Al secondo piano c’è Hani, una casalinga con due figli piccoli e un marito assente e inaffidabile. Hani scrive una lunga lettera a Neta — che vive in America — per dare voce alla propria paura di essere diventata pazza.
Al terzo piano troviamo Drova, una giudice in pensione, che parla con il marito morto a una segreteria telefonica. Lei sente l’esigenza di ripercorrere retrospettivamente le tappe che hanno spinto Arad, il loro unico figlio, a troncare ogni legame con la famiglia.

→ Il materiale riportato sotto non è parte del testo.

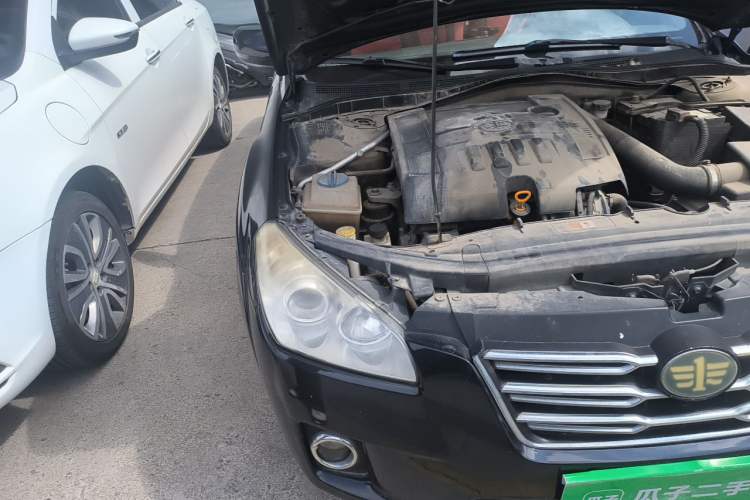 Used Bestune B50 2012 1.6L manual fashion version Right Front Headlight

Come si vede c’è qualcosa di spettrale, se non addirittura di fantasmatico, in questi monologhi disperati. E il miracolo è tutto qui: che la vita emerga spumeggiante da questa specie di catacomba residenziale.
Parlavo prima di un senso di asfissia, di claustrofobia. Nevo è ossessionato dai nidi domestici e non ama i quadri en plein air. Certo, ambientare un romanzo in un condominio non è cosa nuova, anzi, si tratta di uno stratagemma a cui i narratori ricorrono volentieri: valgano per tutti gli esempi di Perec e di Ballard. Ma la forza di Nevo è nelle sue voci. Con mirabile talento mimetico, con tenera empatia, è un asso nel far parlare i suoi personaggi, nel distinguerli l’uno dall’altro, nell’isolarli, nel comprenderli intimamente. La sua scrittura ha una tale maturità che non sente più l’esigenza di trovare un territorio comune tra le storie che racconta. Le vicende sono in pieno svolgimento, non hanno un reale epilogo, suonano come giganteschi punti interrogativi. Non c’è alcuna moralità, se non forse nella moralità espressa da ogni racconto ben fatto.
Leggo Nevo e ogni volta capisco perché quando sei in Israele hai voglia di fuggire, e perché quando sei lontano hai voglia di ritornarci.